Watermelon, grapes, papaya, oranges, berries, apples, tomatoes and lettuce, all have a high water content, and contribute to your daily water intake, while keeping you hydrated. Include soups in your diet as they are easy to digest, but make sure to choose low-salt varieties. Other ways to eat your way to hydration can include chopped tomatoes with salt and pepper as a snack, berries added to a fruit salad, or lettuce with a herb dip.

9. Reduce salt intake

Increased levels of sodium can dehydrate you, as excess salt causes fluid retention in the body, and makes high water concentrations appear lower – causing water to flow out of the cells and into the bloodstream. So make sure you stay away from the salt shaker and season dishes with herbs instead.

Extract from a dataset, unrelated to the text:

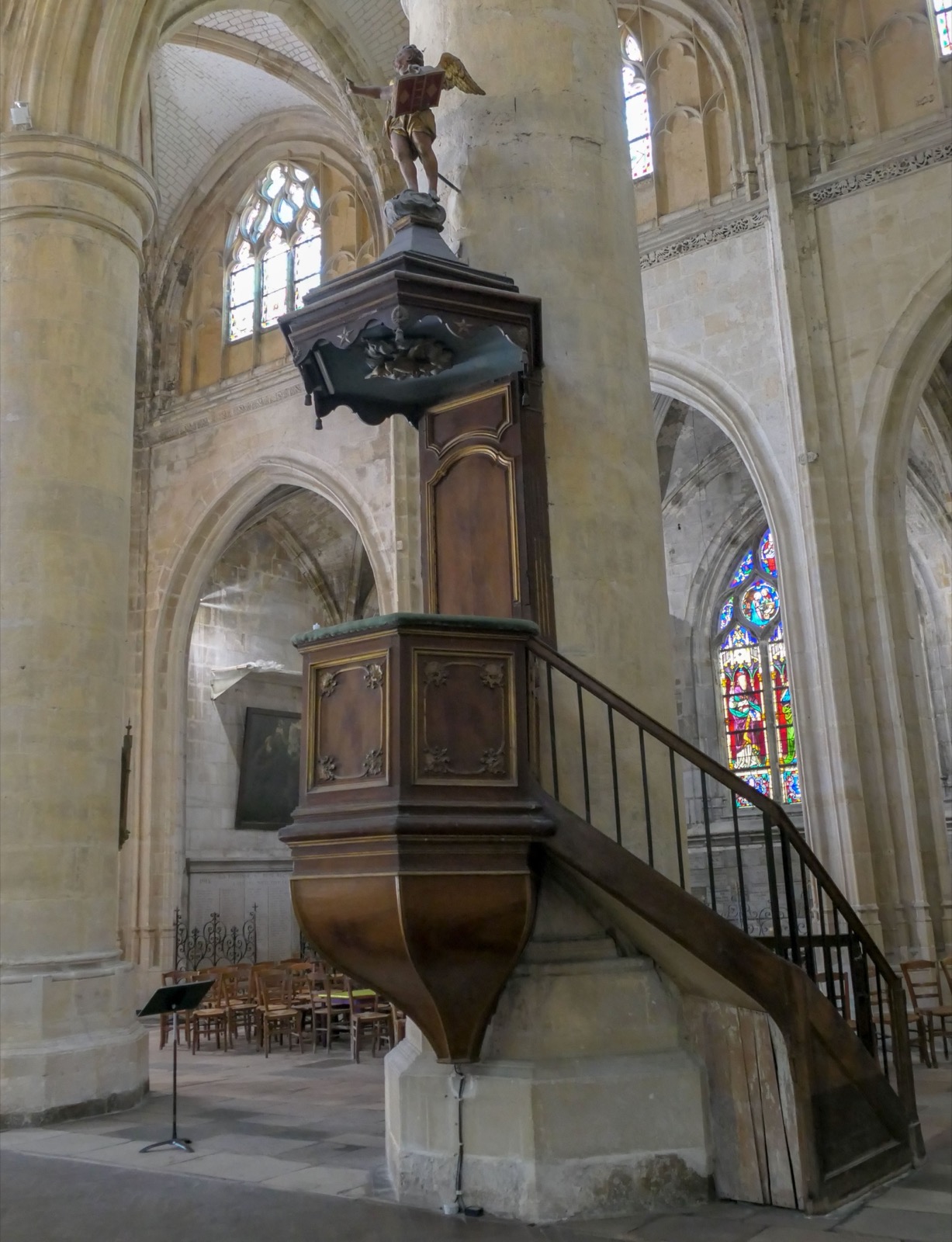 Preekstoel in Eglise Saint Remy, Dieppe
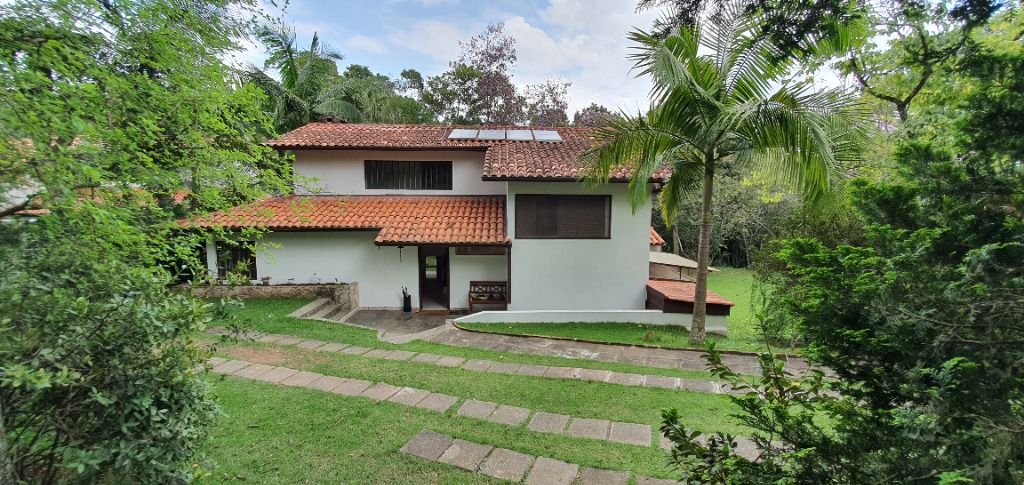 Casa de Condomínio à venda com 5 quartos, 300m² - Foto 2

10. Give aqua a flavour boost

Add a slice of lemon, lime or a couple of basil leaves to intensify the taste of water, without adding extra calories. Akram Osma, nutritionist at Al Das Medical Clinic, also suggests adding herbs such as spearmint, peppermint, sage, or lemon balm to make water more nutritious and cooling.

Tried & tested

Take the juicy road to hydration by trying out one of these juice diets from Essentially:

Essentially Revitalisation juice cleanse:

On the lookout for a healthy way to detox, I opted for a beginners cleanse that isn’t extremely intense, but still detoxes the body efficiently. The three-day cleanse consisted of six 100 per cent raw and organic fruit and vegetable juices, which were meant to be meal replacements, to be consumed every two hours. The juices were delivered on the first day right to my door. My cleanse began with a refreshing Green juice (celery, cucumber, celery, apple, spinach, parsley, lemon and ginger) which was juice number one and three for the day; a fruity P.A.M (pineapple, apple and mint); Spicy lemonade (lemon, water, agave and cayenne); sweet and detoxifying Red roots (beetroot, carrot, apple, orange, celery and ginger); and a delightfully palatable Cashew milk (water, cashew, agave, coconut butter, vanilla, sea salt) which was the last juice of the day. Although I didn’t have severe hunger pangs at any point, I often felt the need to munch on something, and ate a few sliced cucumbers (one of the few foods allowed on the cleanse, apart from celery and avocado). By the end of the cleanse, I felt lighter and more energetic, although I didn’t lose any weight.

– Nicola Monteath

Essentially Work
Hard Play Hard supplement package:

As someone who diligently pops multi-vits and fish oils in, I was looking forward to getting my nutritional supplementation from some delicious juice – which I enjoy anyways. The juices, made using a hydraulic press – which is meant to preserve nutrients, live enzymes, and flavour of the fruit and veg better than traditional juicing – arrived the evening before I was meant to start, neatly packaged in individual bottles. I had four juices per day (which I could drink at any time) including their signature Green juice (packed with goodness); Orange roots (carrot, apple, orange); P.A.M (same as the one on the cleanse package); and a detoxifying GFA (Grapefruit, fennel, apple). Although the juices weren’t meant to replace my normal diet, they were not only delicious, but surprisingly filling, so I found myself eating less – one bottle completely replaced my regular breakfast, for example. Being off my normal supplements during this three-day period didn’t have any negative effect, and I felt my energy levels and overall wellbeing improving, as well as my skin condition.